PRESCRIPTION ASSESSMENT (REFRACTION)
This determines whether you are long-sighted, short-sighted, astigmatic, presbyopic, or have no optical error at all (emmetropic)
If you have a refractive error then the lenses needed to correct this will be determined
OBJECTIVE TESTS
This is where the Optometrist observes the results of the test to determine roughly what lenses are required for you. It gives a starting point before asking you questions but can also be used to determine a prescription in patients who are unable to read the chart eg very young children, or people with communication or learning difficulties
Either a RETINOSCOPE or an AUTOREFRACTOR could be used
SUBJECTIVE TESTS
These are used after the objective tests have provided a starting point. The Optometrist asks the patient with which lenses they can see better.
INTRAOCULAR PRESSURE (IOP)
This measures the pressure of the fluid within the eye using a TONOMETER
This can indicate the possible presence of GLAUCOMA
A NON-CONTACT tonometer is usually used which blows a puff of air at the eye. Several readings are normally taken to obtain an average.

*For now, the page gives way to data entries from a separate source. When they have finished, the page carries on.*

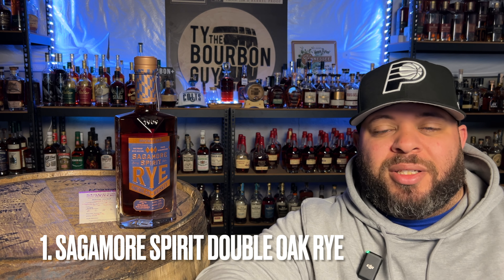Number one on my list is Sagamore Double Oaked. This rye whiskey is amazing. I love what Sagamore Spirit is doing. Sagamore is based out of Maryland and they are a craft distiller. For a couple of years now, I feel like they have been making waves and really impacting the whiskey world. I think the Double Oaked is one of my favorite products they have — they do a very good job with finishes. They have a Manhattan finish, sherry finishes, and they just seem to really know what they're doing. Their whiskey on its own is also very good.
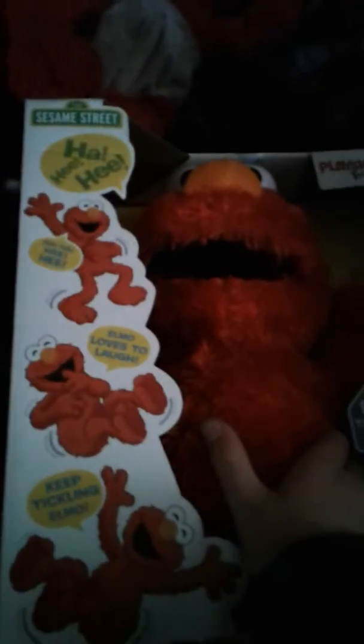Now the last one — the inbox Elmo. This is the Playskool Friends Elmo. Elmo is one ticklish monster.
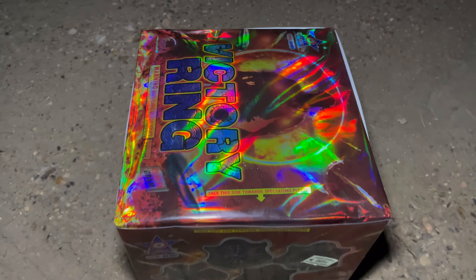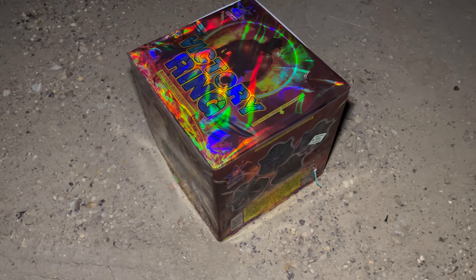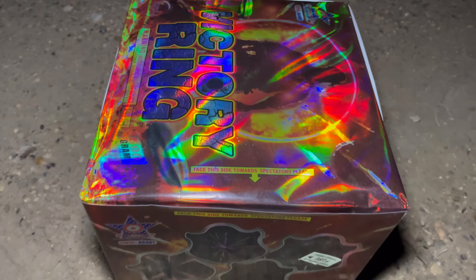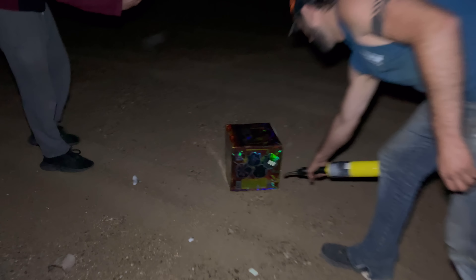We're going to do another one, but this time we're shooting it in landscape at 1x zoom so you get the full effect of what we're seeing on the ground. As you can see, it says 'face this side towards the spectators,' so we're going to get back when we light it. I don't know if I'm going to be able to catch these angles, but we'll see. Holy crap, look at that break!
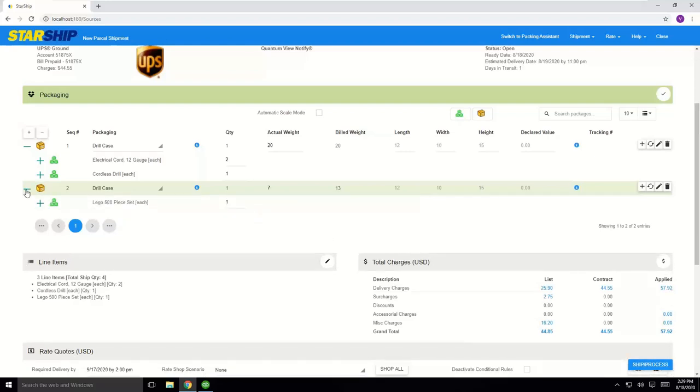Down below you have packaging and line items — one of the main differences from Ship Gear, which doesn't offer this line item detail. You can see the items in the order, defaulting into one box. You can use packaging scenarios to define item-to-box detail, drag and drop items between boxes, and Starship supports a packaging database where you can store all your different box sizes with dimensions and weights. Starship also supports scales to read weight automatically, and supports dimensional weight calculation so your rates are accurate.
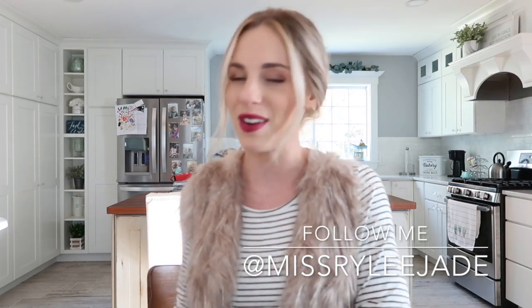Hey guys, welcome back to my channel. For those of you who are new here, my name is Riley Jade. I am a mom vlogger here on YouTube and I post all things health, fitness, beauty, interior design, and mommy content. So if you're interested in that, make sure to subscribe before you leave.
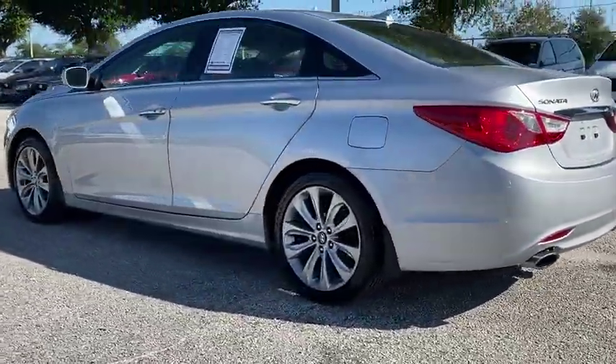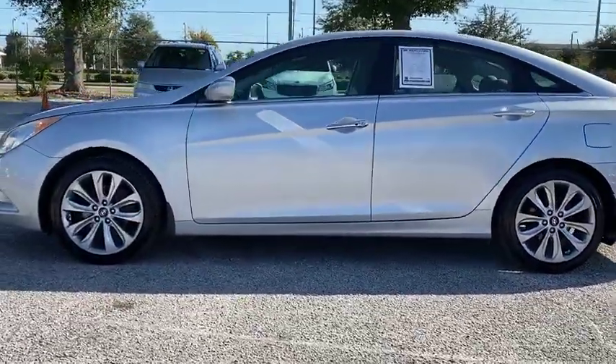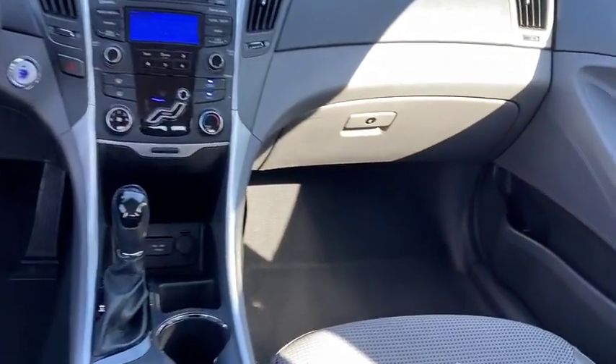Don't forget the exterior corrosion protection — a 14-step roto-dip system that provides unmatched protection for your Sonata and is priced below $10,000.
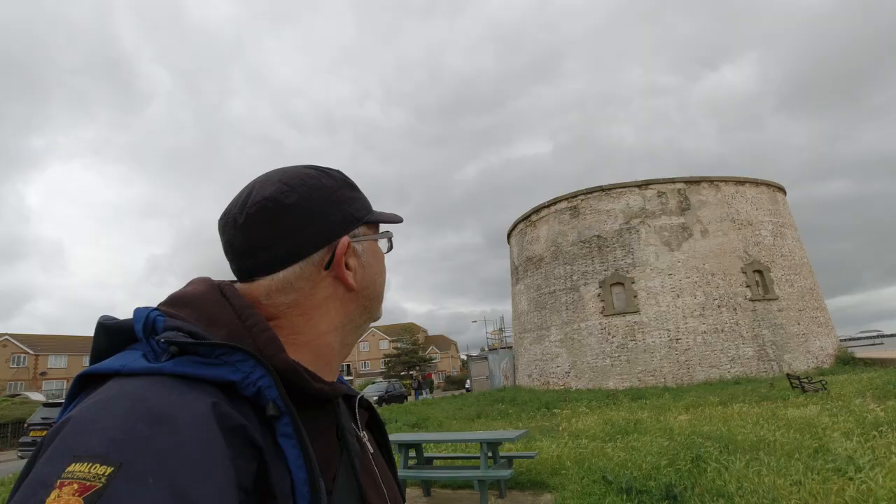Along the coastline of Sussex and Essex there were exactly 29 Martello Towers built. There were quite a few built on the south coast as well — another potential invasion area. Down there they were numbered, but up here they were lettered from A to K. This one at Clacton was lettered C.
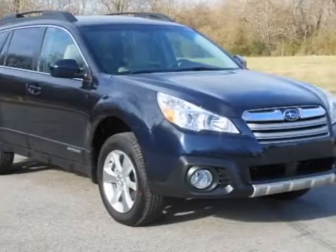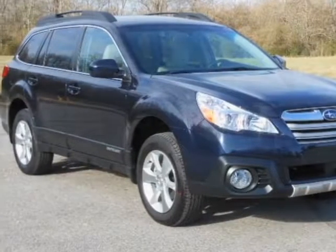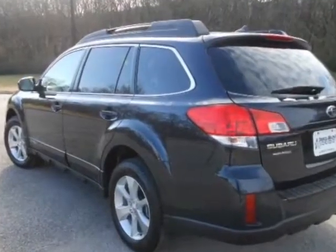Look at this new 2013 Subaru Outback. For your protection, this vehicle has a full factory warranty.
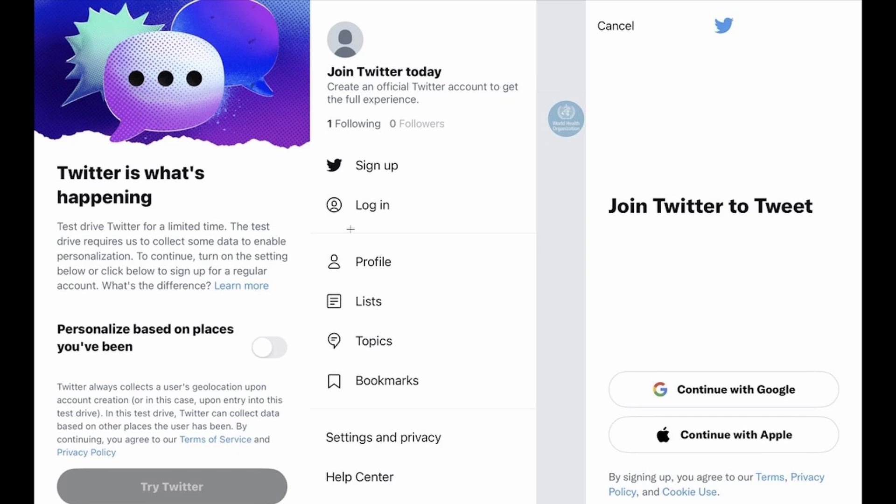You can now actually try Twitter without an account. As you can see in this screenshot, it shows what's happening on Twitter — this is the sign-up page where you would normally click 'Join Twitter' to sign up with your Google account, Apple account, or phone number. But here you can see it says 'Try Twitter', and you would click that to get started.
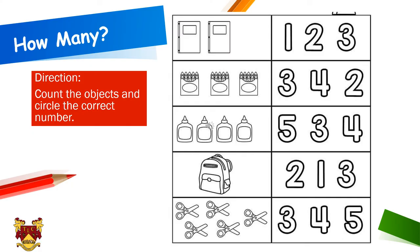Ok children, now in this slide you are going to count the number of objects and circle the correct number. As you can see in the picture, there are two columns. The column on the left has different objects — like books, a box of crayons, glue bottles, a bag, and some scissors. What you are going to do is count the number of objects and then circle the correct number on the right side.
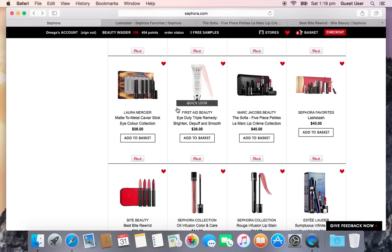Next is the First Aid Beauty Eye Duty Triple Remedy — Brighten, Depuff, and Smooth — at $36. It's an eye primer and under-eye brightener and I'm not sure I want it, but I've heard so many great things from other YouTubers that it's tempting. The shade shown is the original; Medium/Deep is too dark for my NC35 skin. I am a fan of First Aid Beauty skincare, so it's a 50/50 chance I'll get it.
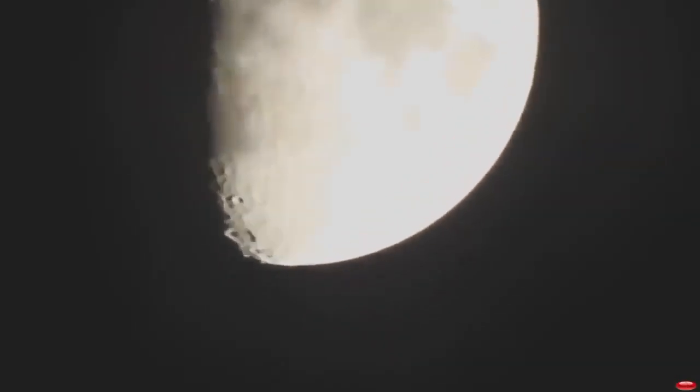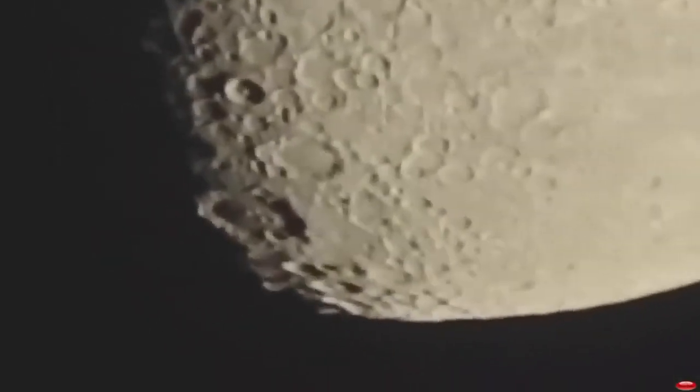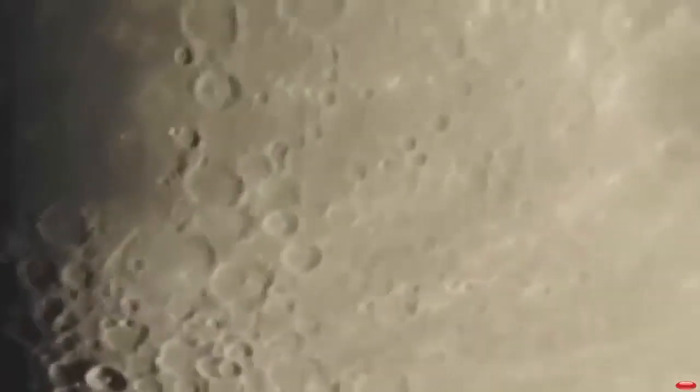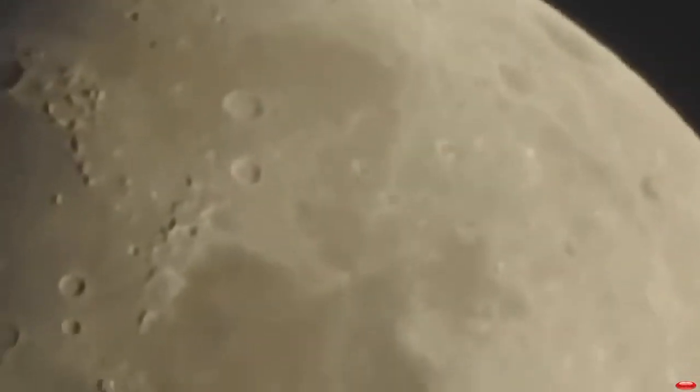When I zoom in on the moon and take a close look, I can see all these circular craters, which they say are from impacts. My question is, if all these space rocks are flying in at different angles — not just 90 degree angles — where are the impact marks which create digs and canyons and trails?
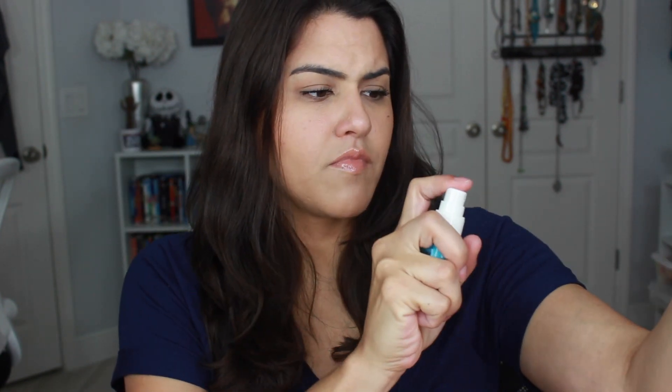Next up is the Saint Tropez Self Tan Purity — a natural glowing skin bronzing water face mist. I don't know how I feel about this. It's supposed to tan your skin, but I've never used anything like this, so let me know if you guys have. This is just a mini; the full size is $30. It goes on as a super fine mist, hydrates your skin, and then you're supposed to just wake up tan. It has a really nice coconut smell to it, which surprised me because most tanners have that weird icky smell.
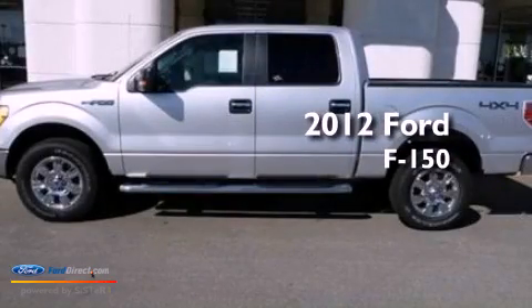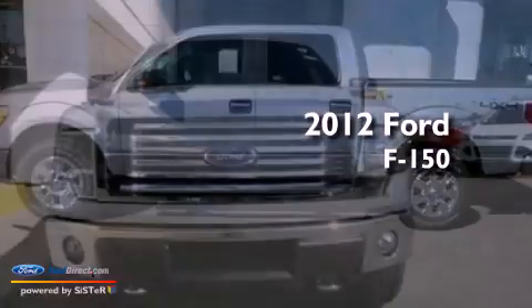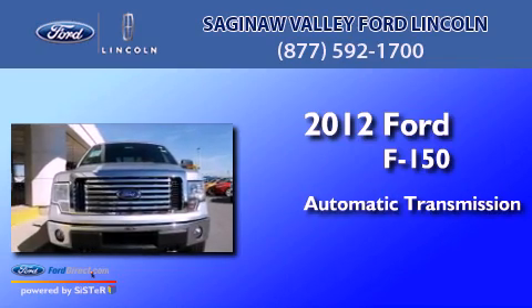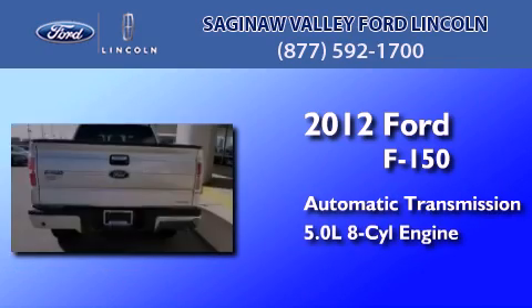This is a brand-new 2012 Ford F-150. This truck has an automatic transmission and a 5.0-liter V8.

Alternatively a PERKINS tonometer is used which actually touches the eye and so requires the use of an anaesthetic drop first. This is sometimes referred to as the 'blue light' test because the instrument shines a blue light. It is similar to the test used in hospitals.
VISUAL FIELD SCREENING
This can indicate neurological problems and also detect the presence of GLAUCOMA. The patient's 'all round' vision is assessed and the Optometrist is looking for any areas where the patient cannot see or where the eye is not as sensitive as it should be. These areas are called FIELD DEFECTS.
COLOUR VISION
This can indicate problems with colour vision. Colour 'blindness' is normally a hereditary condition where certain shades of colours are more difficult, or impossible, to tell apart. It is almost invariably only found in men.
STEREOPSIS
This test is used to determine and measure how well a person can see in 3-D.
It is used mainly in children and can show up if the child has a 'lazy eye'.
Both eyes must work well and be working together to have 3-D vision.